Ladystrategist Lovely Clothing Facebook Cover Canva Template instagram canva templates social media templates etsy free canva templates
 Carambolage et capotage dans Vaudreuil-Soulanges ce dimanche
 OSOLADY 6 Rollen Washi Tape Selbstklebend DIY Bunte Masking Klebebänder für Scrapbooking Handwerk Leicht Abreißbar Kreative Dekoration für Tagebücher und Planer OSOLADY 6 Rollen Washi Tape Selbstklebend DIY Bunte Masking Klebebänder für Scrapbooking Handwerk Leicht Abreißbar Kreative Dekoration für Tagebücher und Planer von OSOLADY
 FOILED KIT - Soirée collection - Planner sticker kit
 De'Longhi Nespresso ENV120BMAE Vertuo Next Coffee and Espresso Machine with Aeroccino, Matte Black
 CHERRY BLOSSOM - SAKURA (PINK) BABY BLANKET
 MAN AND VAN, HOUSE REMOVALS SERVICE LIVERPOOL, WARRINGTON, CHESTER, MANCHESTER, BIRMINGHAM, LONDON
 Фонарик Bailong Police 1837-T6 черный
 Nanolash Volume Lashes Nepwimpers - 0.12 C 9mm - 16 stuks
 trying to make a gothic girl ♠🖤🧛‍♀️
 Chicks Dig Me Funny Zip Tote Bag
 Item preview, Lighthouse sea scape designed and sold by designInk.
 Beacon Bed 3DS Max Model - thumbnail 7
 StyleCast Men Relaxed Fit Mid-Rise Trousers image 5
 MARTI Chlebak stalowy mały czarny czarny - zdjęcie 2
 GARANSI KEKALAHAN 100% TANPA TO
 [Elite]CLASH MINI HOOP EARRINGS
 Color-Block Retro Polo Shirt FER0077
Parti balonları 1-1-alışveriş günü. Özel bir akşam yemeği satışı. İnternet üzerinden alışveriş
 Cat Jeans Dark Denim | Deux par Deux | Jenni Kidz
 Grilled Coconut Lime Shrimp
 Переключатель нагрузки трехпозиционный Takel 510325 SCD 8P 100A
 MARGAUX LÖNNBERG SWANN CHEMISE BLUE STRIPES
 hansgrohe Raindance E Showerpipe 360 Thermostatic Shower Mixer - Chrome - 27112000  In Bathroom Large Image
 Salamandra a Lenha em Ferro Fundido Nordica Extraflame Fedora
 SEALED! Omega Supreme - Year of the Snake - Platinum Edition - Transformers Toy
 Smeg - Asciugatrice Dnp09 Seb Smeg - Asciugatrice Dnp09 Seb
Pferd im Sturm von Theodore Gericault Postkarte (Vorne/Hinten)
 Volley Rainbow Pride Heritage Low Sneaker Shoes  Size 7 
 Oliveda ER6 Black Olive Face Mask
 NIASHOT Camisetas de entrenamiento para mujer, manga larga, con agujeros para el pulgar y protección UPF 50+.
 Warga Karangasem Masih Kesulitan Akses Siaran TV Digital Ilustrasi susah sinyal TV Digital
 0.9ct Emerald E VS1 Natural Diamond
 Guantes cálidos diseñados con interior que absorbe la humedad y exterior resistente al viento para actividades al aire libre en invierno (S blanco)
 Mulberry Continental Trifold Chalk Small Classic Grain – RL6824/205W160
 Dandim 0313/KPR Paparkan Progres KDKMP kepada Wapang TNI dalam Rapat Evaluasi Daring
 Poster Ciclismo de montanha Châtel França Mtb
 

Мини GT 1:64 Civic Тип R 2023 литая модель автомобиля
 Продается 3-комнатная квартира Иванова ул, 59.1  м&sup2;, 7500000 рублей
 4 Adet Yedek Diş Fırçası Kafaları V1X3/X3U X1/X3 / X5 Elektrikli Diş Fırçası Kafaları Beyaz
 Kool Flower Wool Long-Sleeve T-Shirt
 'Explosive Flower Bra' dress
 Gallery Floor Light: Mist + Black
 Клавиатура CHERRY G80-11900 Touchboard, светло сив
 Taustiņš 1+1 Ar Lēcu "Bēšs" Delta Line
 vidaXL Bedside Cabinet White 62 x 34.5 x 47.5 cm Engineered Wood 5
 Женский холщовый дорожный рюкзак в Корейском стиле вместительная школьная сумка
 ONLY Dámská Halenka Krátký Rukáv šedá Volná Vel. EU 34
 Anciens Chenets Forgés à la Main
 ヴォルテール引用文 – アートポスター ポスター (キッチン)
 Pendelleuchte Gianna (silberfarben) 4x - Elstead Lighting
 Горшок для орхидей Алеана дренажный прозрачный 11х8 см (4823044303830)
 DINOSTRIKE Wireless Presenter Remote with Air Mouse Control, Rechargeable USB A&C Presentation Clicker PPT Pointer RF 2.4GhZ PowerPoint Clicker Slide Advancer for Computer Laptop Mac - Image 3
* * *
[INSTRUCTIONS TO FOLLOW]: Scan the entries and show every line in which the word "Flower" is found.

[WRITTEN RESPONSE]:
 Kool Flower Wool Long-Sleeve T-Shirt
 'Explosive Flower Bra' dress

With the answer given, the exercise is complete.